Why does the city offer pensions at all?
Pensions offer one tool to attract and retain the best employees we can. And we must be fair. If we are perceived as an organization that doesn’t honor commitments to employees, we will be unable to attract and retain the best talent to serve this city.
But we also have an obligation to the taxpayers—to deliver high quality services at the lowest price.
When our benefits threaten to decrease the quality of city services, we must take action.
What can we do?
I believe we have two options that could improve the pension picture immediately, changes that will both save money for the taxpayers and improve the fairness to city employees.
Five year averaging
The headline-grabbers are the handful of folks on the high end of the salary range who will receive large pensions. But there is a second group of retirees who receive disproportionately high pensions: The end-game over-timers. . .
Currently, the city pension plans calculate an employee's salary based on the best two out of the last five years. Some employees have used this provision as an opportunity to pad their pension-basis through stepped-up overtime during their last two years. Instead of rewarding steadfast service, this provision rewards those creative employees (something we usually encourage) who can game this system in the final innings. And it unfairly penalizes those employees whose jobs do not provide opportunities for overtime.
By switching to a calculation based on the average salary over the last five years, we can get a better picture of an employee’s work history and reward each employee based on his or her work.
The savings? According to our finance director, making this change in all city pension plans could save us $1 million a year.
Today most people subscribe to the concept of “equal pay for equal work.” Yet the seemingly antiquated city pension system violates that goal. . .
Today the city pension is paid to an employee until he (or she) or his spouse dies. This system presupposes that 1) people marry within their own age group and 2) that they stay married. And it is based on a by-gone era when the social norm was one bread-winner/pension-earner per family.
But look what happens when a retiree violates the Leave-It-To-Beaver social more:
A Tale of Two Officers
(Not to pick on police—just easier with a pension that is 100% of salary to make this illustration)
For the sake of simplicity, let's make the following assumptions:
Let's look at their compensation while on the force:
- Both join the force at 20 years old.
- Both officers serve the city admirably, receive the same base pay for their equal work for 35 years.
- Both retire at 55 and receive a pension paying 100% of salary.
- Both officers earned the same, constant amount of $40,000 every year on the force.
- Everyone (pensioners and their spouses) lives until they are 80 years old.
Officer A Officer B Difference Years on Force 35 35 -- Total Salary Payments While on Force $1.4M $1.4M --
So far so fair.
Now let’s say that Officer A is a devoted husband who is married to a woman of his age. Officer B has a midlife crisis at 50 and marries a woman half his age. Let's see happens to their pension compensation:
Officer A Officer B Difference Years of Pension Payments 25 50 25 Total Pension Payments $1.0M $2.0M $1.0M
As you see, there is a difference of a million dollars between these two employees. Equal pay for equal work? Not.

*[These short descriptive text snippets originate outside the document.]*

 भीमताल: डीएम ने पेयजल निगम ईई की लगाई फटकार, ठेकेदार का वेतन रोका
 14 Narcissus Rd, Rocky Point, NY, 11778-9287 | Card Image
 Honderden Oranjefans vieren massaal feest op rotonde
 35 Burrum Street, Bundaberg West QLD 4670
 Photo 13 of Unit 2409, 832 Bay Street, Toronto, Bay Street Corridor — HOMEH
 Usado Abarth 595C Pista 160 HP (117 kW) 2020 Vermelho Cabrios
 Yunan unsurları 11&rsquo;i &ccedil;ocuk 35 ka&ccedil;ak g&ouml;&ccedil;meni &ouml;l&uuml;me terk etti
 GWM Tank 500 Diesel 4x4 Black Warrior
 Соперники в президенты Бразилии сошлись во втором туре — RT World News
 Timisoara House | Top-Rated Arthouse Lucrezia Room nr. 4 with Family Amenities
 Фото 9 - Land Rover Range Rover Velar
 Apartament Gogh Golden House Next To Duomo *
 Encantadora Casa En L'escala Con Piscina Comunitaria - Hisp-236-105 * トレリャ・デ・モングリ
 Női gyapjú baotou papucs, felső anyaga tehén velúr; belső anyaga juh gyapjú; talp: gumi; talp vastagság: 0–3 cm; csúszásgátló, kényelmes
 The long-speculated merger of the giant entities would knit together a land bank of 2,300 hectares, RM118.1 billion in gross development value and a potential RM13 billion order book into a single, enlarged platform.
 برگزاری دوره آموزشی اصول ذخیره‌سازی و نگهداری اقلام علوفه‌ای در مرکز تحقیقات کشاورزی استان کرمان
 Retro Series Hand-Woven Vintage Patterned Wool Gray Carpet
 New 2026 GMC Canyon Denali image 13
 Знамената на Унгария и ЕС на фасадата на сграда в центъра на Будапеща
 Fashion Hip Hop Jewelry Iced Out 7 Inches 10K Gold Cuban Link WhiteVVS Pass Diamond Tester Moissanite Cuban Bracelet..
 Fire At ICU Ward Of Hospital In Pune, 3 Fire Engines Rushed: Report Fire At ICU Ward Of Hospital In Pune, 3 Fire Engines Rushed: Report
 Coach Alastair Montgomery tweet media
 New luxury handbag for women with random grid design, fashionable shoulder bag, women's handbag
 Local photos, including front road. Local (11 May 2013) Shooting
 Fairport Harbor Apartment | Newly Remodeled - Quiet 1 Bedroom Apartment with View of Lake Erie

This inequity not only costs the taxpayers, it violates the fairness principle. A simple change could repair this inequity. The technical name for this change is “life annuity normal form.” In practice it means that upon retirement, the employees must choose whether to receive benefits only until they die or until their spouse dies. If they choose to include their spouse, then the benefit level is adjusted based on the age of the spouse, dividing out the pension expectation of the employee over the life expectancy of the youngest partner.
This is a standard practice with other pension plans and provides equitable payments with respect to different life choices. According to the city finance director, making this change for all city pensions would result in a $1.7 million a year savings.
By making these two changes for all of our employees, the 5 year average and the spousal consideration, we can create a pension system that treats our employees fairly and equitably. These changes also bring our system more in line with other local governments and the FRS system, our main competitors for top talent.
These changes will should save the city an estimated $2.7 million a year. The city should move forward with these changes now.